Visibility in the cenotes can be more than 100 feet (30 m).

It is best to use wide-angle lenses and get close to your subjects. Using a model will add a human element to the image and show scale. Pro Dive’s cavern guides are fully certified cave divers with good trim. They are accustomed to being underwater models.

Shooting in manual-exposure mode and setting your exposure for the ambient light will capture nature’s lightshow. Strobes attached to your housing should be used to add detail to shadow areas and to light up your model. Set the strobes on low power. This way they will not overpower the ambient light.

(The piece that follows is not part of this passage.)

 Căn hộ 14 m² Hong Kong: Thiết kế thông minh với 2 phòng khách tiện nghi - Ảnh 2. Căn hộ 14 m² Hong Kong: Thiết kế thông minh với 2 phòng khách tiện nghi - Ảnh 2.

Expose for the ambient light, use strobes to light up your model.

Besides caverns and caves, there is ocean reef diving, whale-shark snorkelling in the summer, and sailfish snorkelling in the winter. Bull sharks come close to the beach from November to March.

Photographing the sailfish offers a different set of challenges. The offshore boat ride is long and bumpy as the crew tries to spot large flocks of birds close to the waterline. The birds will be feeding on a bait ball of Brazilian sardines. Usually, you will find sailfish feeding on the same bait ball underwater. Once spotted, with mask, snorkel, fins, and camera, you need to jump into the water fast. Remaining near the surface, sailfish dart around you as fast as 60 mph while the Brazilian sardines try to use you as a shield to avoid becoming a sailfish meal. Because of the speed at which this takes place, it is best to leave your strobes on the boat. Using ambient light only it is possible to capture some action-packed images.

Sailfish feeding on Brazilian sardines

Many divers travel to the other side of the world to see exotic marine life. But a short flight to our neighbor to the south offers world-class underwater photo opportunities. Just pack your underwater camera gear and head to Mexico!


Great article and pictures Larry! Thank you. 

What a great article. And as always, stunning photos to make up want to go there!  Thanks, Larry!

great description/photos - what camera/housing you've been using?